Validate::Begin().IsNotNull(somePointer).IsLessThan(4, 30).Check();
Can't say much to the rest of the question, but I did want to point out this:
Though I'd guess that allocating
something like a std::vector on the
stack should be for free (is this
actually true? I'd suspect an empty
vector does no allocations on the
heap, right?)
No. You still have to allocate any other variables in the vector (such as storage for length) and I believe that it's up to the implementation if they pre-allocate any room for vector elements upon construction. Either way, you are allocating SOMETHING, and while it may not be much allocation is never "free", regardless of taking place on the stack or heap.
That being said, I would imagine that the time taken to do such things will be so minimal that it will only really matter if you are doing it many many times over in quick succession.

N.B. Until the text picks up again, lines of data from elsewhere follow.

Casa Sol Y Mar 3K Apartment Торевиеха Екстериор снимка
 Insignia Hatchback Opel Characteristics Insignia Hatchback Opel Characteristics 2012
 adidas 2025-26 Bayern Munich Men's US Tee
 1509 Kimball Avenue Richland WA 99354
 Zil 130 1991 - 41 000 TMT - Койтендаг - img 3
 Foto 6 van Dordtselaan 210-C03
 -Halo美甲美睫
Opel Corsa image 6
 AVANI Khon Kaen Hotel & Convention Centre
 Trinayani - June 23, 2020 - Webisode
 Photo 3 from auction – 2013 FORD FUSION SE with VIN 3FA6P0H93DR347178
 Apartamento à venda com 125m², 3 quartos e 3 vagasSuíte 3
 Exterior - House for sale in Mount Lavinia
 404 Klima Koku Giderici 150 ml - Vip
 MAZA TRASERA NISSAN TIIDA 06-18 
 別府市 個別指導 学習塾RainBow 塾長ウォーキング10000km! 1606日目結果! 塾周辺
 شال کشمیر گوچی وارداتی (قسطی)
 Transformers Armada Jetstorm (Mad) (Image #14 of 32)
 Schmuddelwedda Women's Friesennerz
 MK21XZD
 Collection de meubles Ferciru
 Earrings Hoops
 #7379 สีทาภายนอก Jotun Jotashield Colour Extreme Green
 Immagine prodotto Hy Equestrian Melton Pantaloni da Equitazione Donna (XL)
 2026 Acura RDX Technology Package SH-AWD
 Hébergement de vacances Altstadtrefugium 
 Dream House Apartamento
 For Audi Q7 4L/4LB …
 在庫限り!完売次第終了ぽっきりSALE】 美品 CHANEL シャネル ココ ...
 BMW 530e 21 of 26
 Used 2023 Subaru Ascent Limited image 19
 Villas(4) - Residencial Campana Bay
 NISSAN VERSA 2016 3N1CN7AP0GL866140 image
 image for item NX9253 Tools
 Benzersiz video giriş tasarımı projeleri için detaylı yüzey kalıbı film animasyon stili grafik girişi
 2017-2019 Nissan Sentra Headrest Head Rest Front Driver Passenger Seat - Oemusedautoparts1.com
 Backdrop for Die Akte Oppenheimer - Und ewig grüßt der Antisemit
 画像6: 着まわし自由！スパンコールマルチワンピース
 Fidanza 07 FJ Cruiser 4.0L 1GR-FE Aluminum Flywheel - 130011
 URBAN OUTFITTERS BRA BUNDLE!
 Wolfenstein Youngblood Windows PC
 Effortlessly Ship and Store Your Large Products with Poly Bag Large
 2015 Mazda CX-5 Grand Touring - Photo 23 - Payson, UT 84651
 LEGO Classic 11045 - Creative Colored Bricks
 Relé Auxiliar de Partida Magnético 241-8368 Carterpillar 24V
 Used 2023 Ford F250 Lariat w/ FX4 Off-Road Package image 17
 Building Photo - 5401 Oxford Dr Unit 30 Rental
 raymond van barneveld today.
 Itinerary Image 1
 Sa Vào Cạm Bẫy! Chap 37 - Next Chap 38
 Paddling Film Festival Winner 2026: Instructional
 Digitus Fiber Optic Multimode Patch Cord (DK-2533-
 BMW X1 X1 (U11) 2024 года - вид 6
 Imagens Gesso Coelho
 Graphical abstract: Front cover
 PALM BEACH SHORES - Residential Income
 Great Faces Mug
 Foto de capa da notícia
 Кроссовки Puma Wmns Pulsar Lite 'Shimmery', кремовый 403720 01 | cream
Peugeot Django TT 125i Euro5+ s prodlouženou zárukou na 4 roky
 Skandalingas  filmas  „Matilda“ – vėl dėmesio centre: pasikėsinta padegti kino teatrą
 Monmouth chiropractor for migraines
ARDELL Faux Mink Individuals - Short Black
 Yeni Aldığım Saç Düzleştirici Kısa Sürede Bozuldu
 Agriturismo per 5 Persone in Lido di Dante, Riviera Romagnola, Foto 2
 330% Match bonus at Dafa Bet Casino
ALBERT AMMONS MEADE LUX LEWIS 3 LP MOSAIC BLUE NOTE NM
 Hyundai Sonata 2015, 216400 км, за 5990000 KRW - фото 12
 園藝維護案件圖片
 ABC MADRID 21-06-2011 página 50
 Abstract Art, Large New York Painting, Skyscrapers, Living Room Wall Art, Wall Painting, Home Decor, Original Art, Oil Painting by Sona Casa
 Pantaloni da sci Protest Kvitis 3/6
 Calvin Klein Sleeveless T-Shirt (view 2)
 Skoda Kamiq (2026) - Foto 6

I recommend to get a look into Boost.Exception, which provides basically the same functionality (adding arbitrary detailed exception-information to a single exception-object).
Of course you'll need to write some utility methods so you can get the interface you want. But beware: Dereferencing a null-pointer in C++ results in undefined behavior, and null-references must not even exist. So you cannot return a null-pointer in a way as your linked example uses null-references in C# extension methods.
For the zero-cost thing: A simple stack-allocation is quite cheap, and a boost::exception object does not do any heap-allocation itself, but only if you attach any error_info<> objects to it. So it is not exactly zero cost, but nearly as cheap as it can get (one vtable-ptr for the exception-object, plus sizeof(intrusive_ptr<>)).
Therefore this should be the last part where one tries to optimize further...
Re the linked article: Apparently, the overhaead of creating objects in C# is so great that function calls are free in comparison.
I'd personally propose a syntax like
Validate().ISNOTNULL(src).ISNOTNULL(dst);
Validate() contructs a temporary object which is basically just a std::list of problems. Empty lists are quite cheap (no nodes, size=0). ~Validate will throw if the list is not empty. If profiling shows even this is too expensive, then you just change the std::list to a hand-rolled list. Remember, a pointer is an object too. You're not saving an object just by sticking to the unfortunate syntax of a raw pointer. Conversely, the overhead of wrapping a raw pointer with a nice syntax is purely a compile-time price.
PS. ISNOTNULL(x) would be a #define for IsNotNull(x,#x) - similar to how assert() prints out the failed condition, without having to repeat it.